PROBLEM DETAILS –
Give back the lines below exactly, but do not include any pictures.
── DATASET SECTION
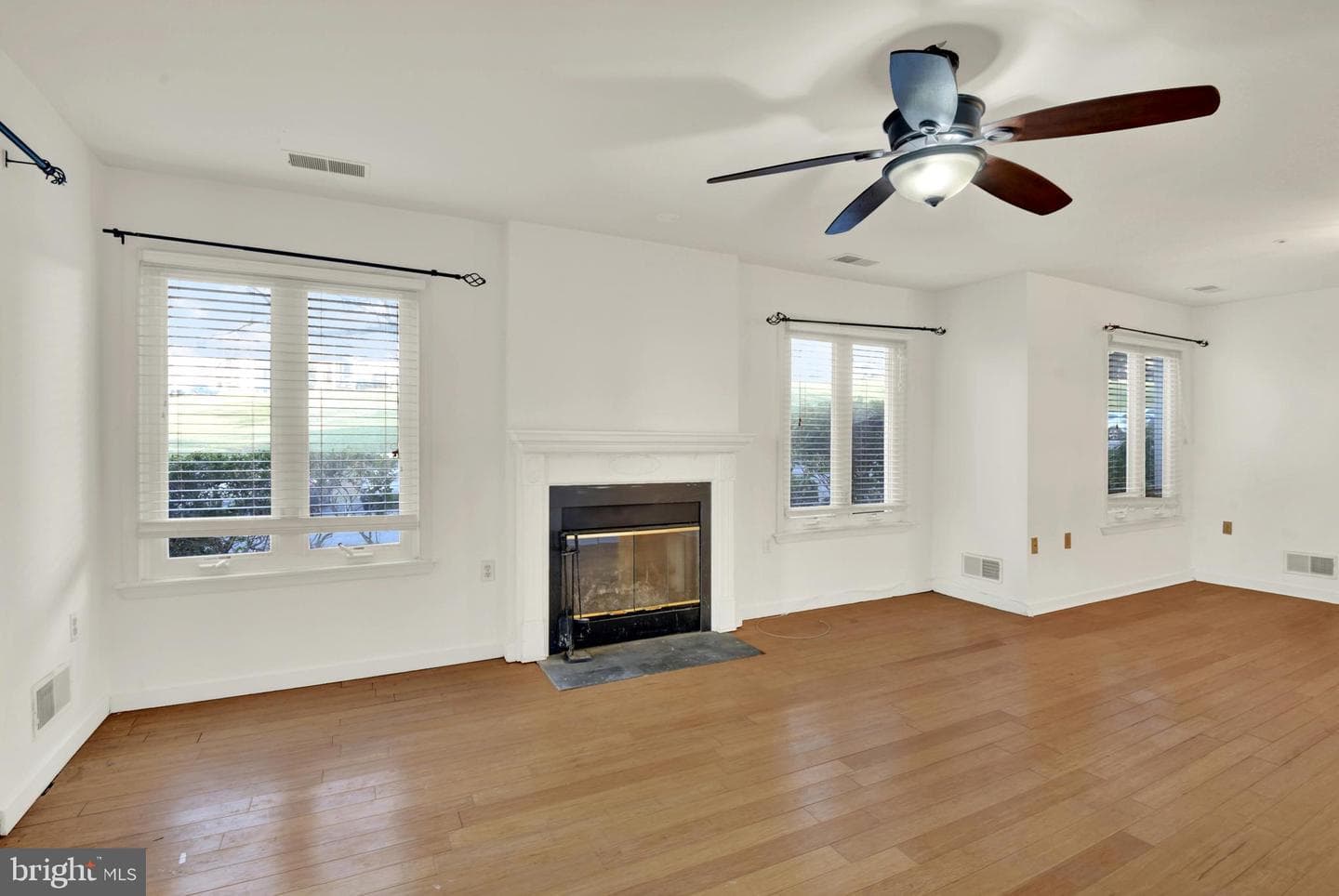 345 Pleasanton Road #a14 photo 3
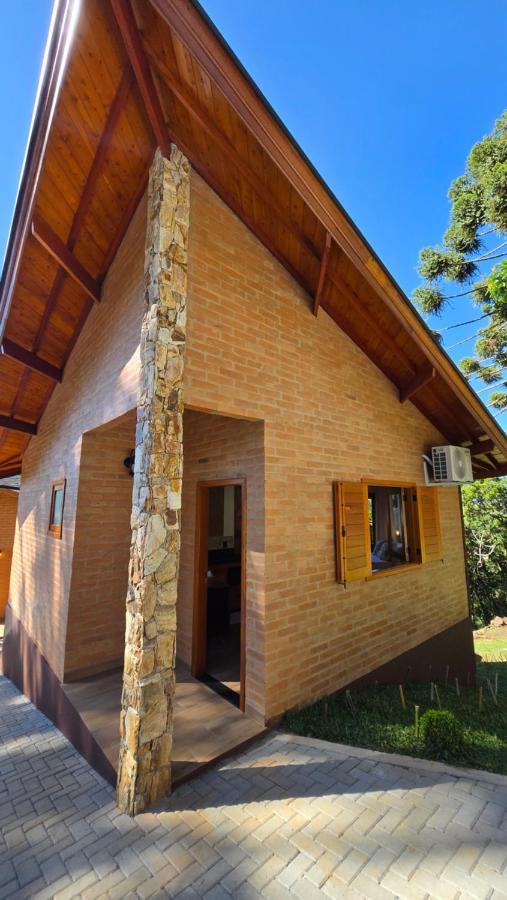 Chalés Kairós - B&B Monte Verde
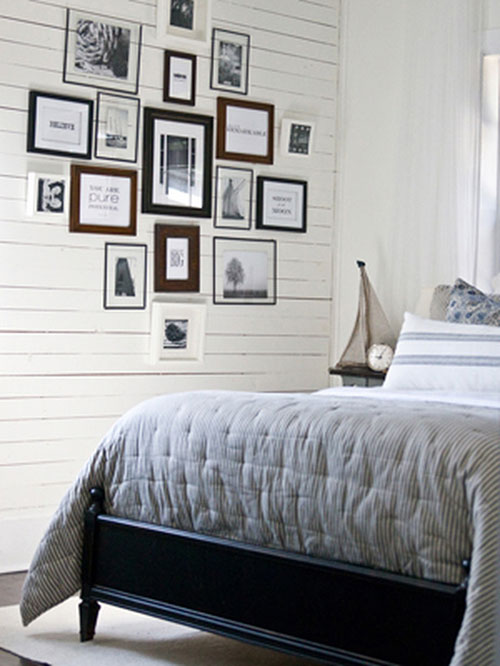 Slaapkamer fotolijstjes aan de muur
────
ANSWER TO THE EXERCISE –
 345 Pleasanton Road #a14 photo 3
 Chalés Kairós - B&B Monte Verde
 Slaapkamer fotolijstjes aan de muur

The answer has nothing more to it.